• **Your assignment**
Write again exactly the lines in the listing below, starting at the line with "8.Sınıf T.C. İnkılap" and ending at the line with "100PCS/bag SC UPC", both included. Pictures are not copied.

• **Data to use**

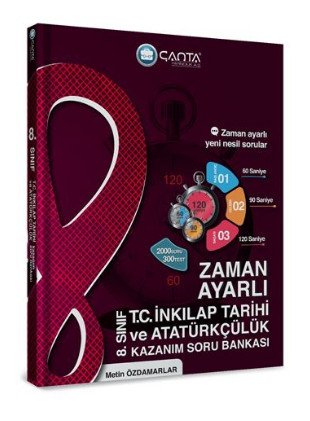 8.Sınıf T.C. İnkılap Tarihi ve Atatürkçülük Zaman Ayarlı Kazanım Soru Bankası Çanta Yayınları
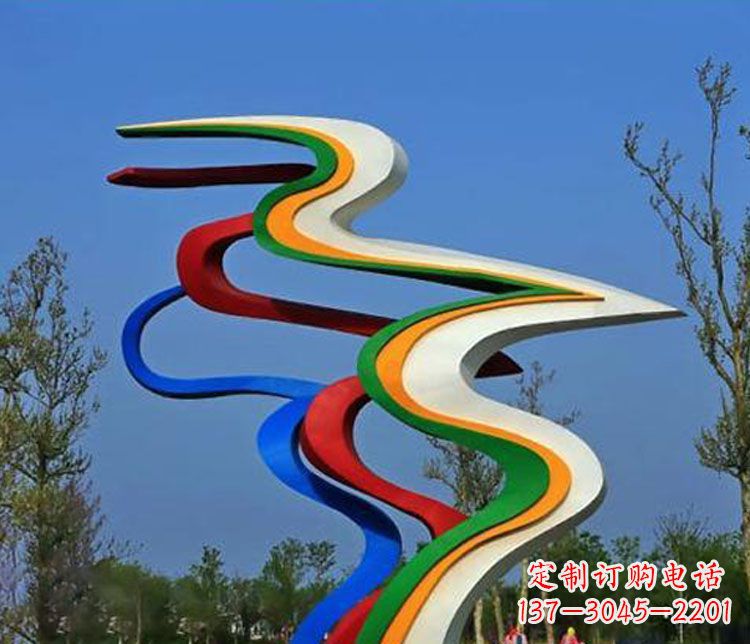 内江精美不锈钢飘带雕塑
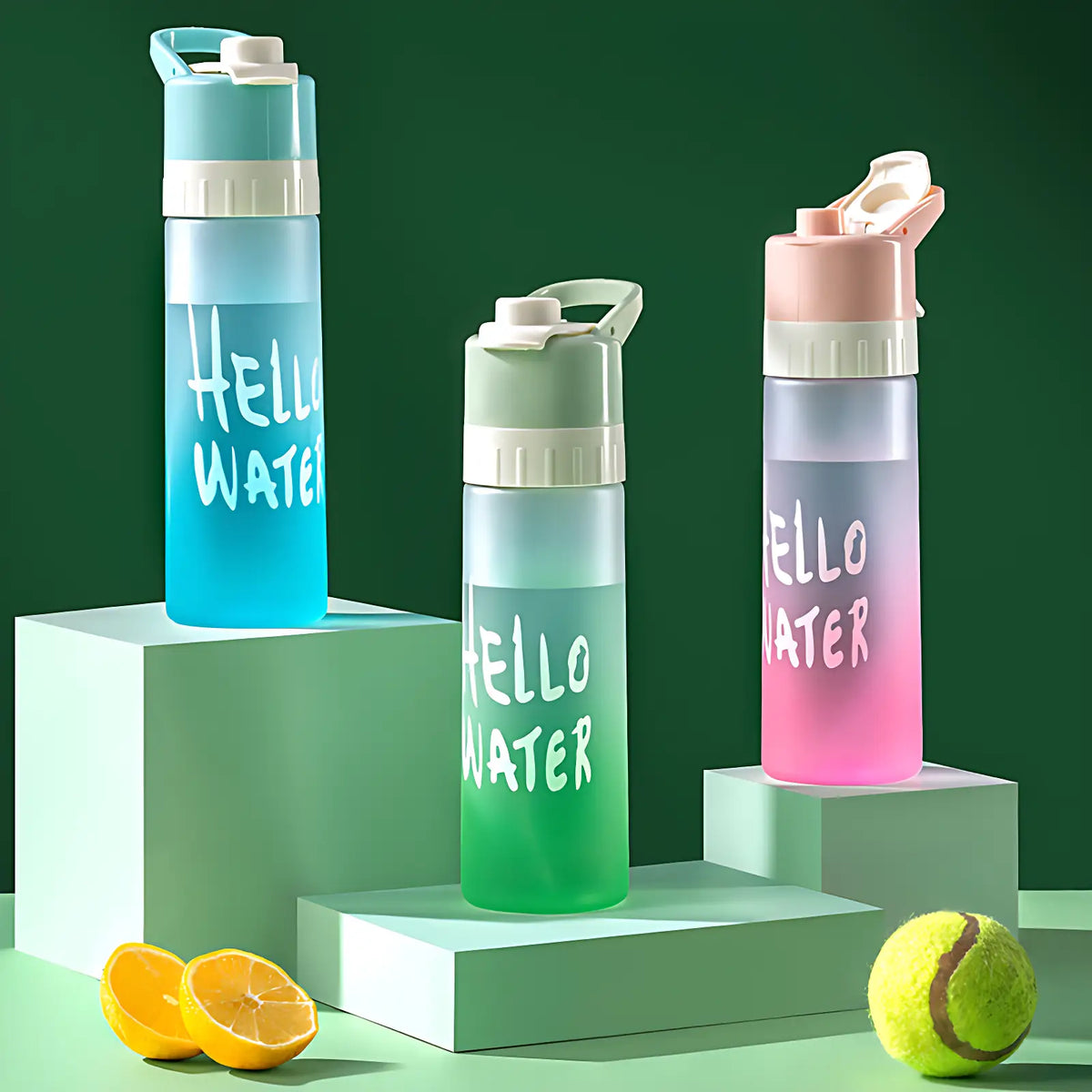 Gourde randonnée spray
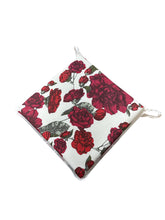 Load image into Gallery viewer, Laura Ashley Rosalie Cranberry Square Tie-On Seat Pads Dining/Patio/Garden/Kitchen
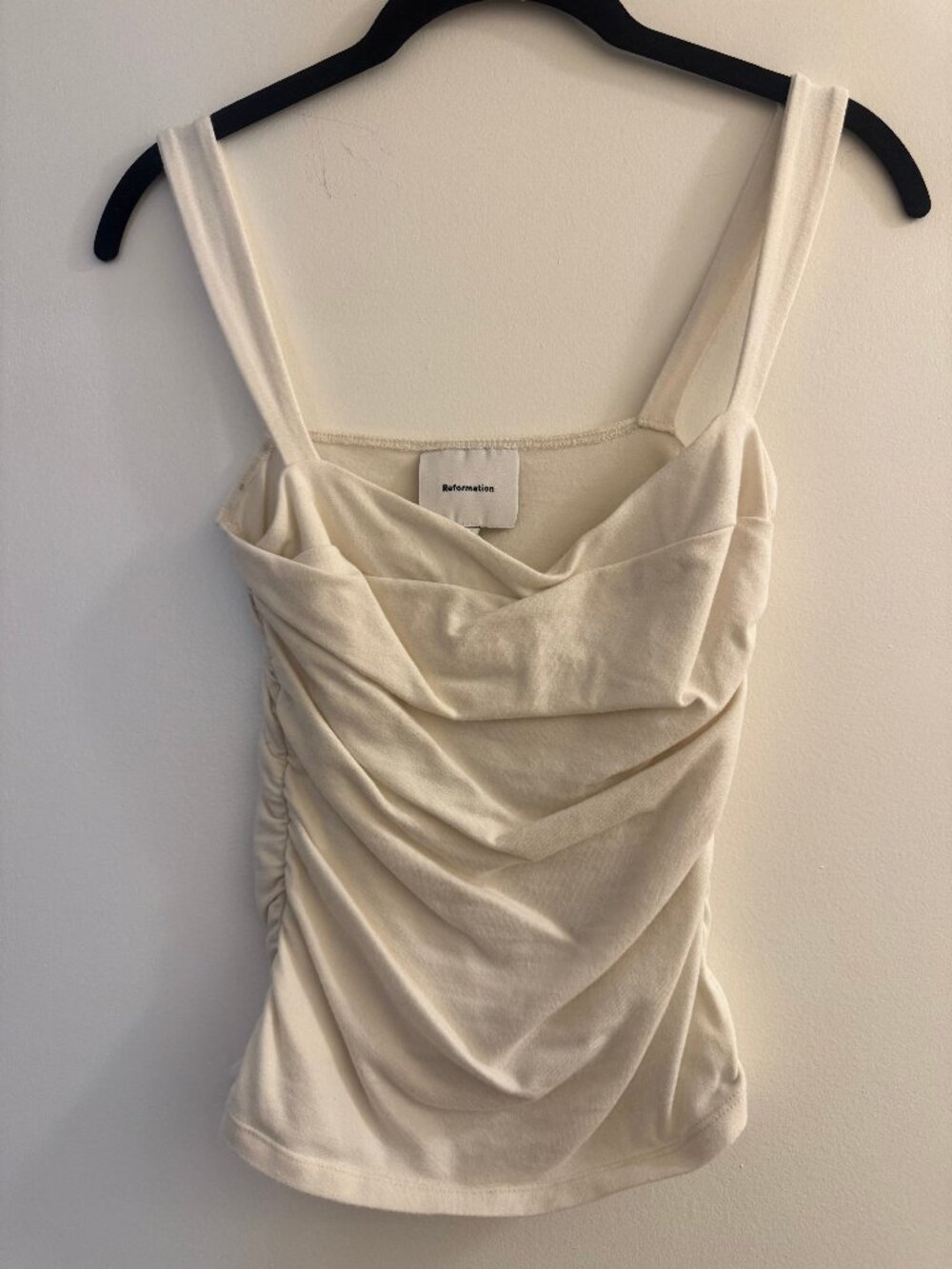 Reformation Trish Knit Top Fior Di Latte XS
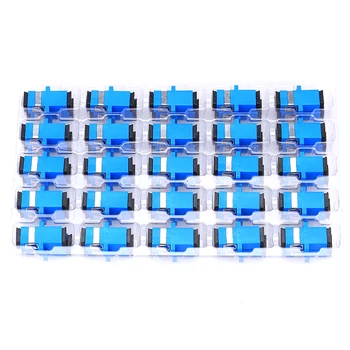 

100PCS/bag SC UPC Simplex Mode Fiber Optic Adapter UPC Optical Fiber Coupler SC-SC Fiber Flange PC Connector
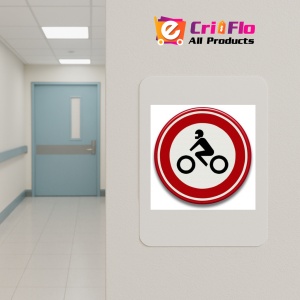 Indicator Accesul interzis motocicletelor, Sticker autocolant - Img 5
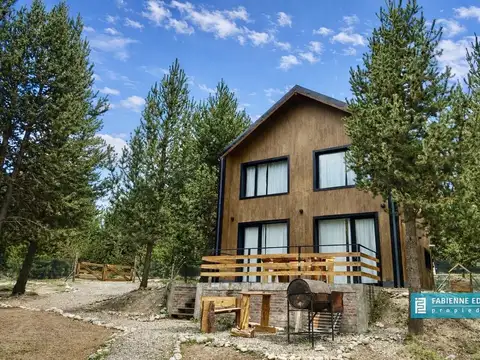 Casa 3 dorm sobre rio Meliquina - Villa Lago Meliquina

==

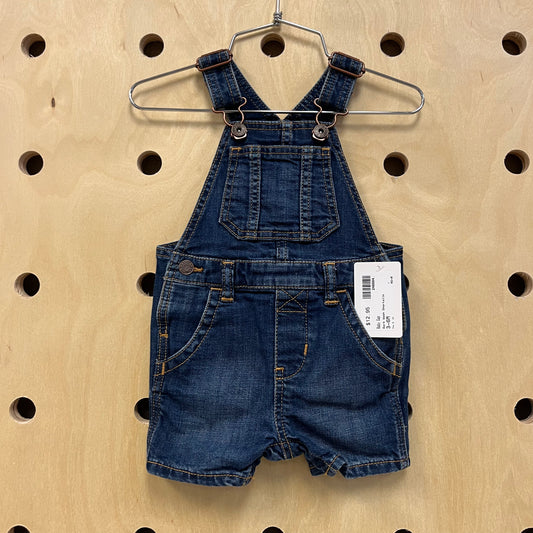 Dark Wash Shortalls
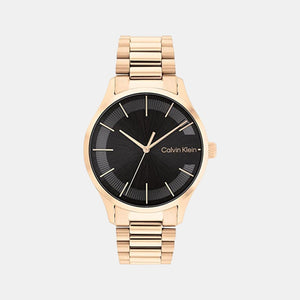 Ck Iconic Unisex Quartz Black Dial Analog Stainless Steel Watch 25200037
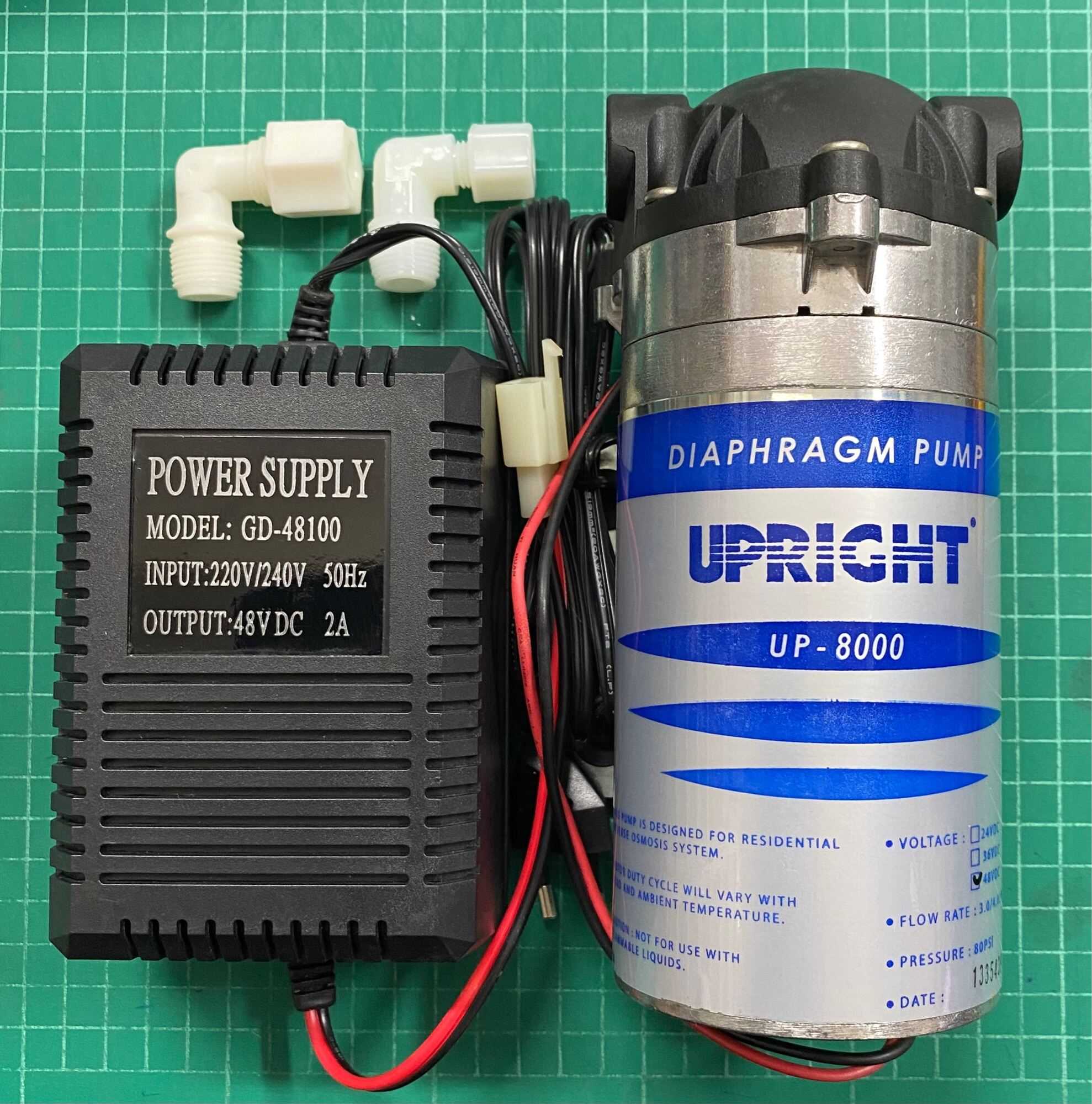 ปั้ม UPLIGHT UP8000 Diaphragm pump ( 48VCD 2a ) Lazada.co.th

• **Written response**
 8.Sınıf T.C. İnkılap Tarihi ve Atatürkçülük Zaman Ayarlı Kazanım Soru Bankası Çanta Yayınları
 内江精美不锈钢飘带雕塑
 Gourde randonnée spray
 Load image into Gallery viewer, Laura Ashley Rosalie Cranberry Square Tie-On Seat Pads Dining/Patio/Garden/Kitchen
 Reformation Trish Knit Top Fior Di Latte XS

100PCS/bag SC UPC Simplex Mode Fiber Optic Adapter UPC Optical Fiber Coupler SC-SC Fiber Flange PC Connector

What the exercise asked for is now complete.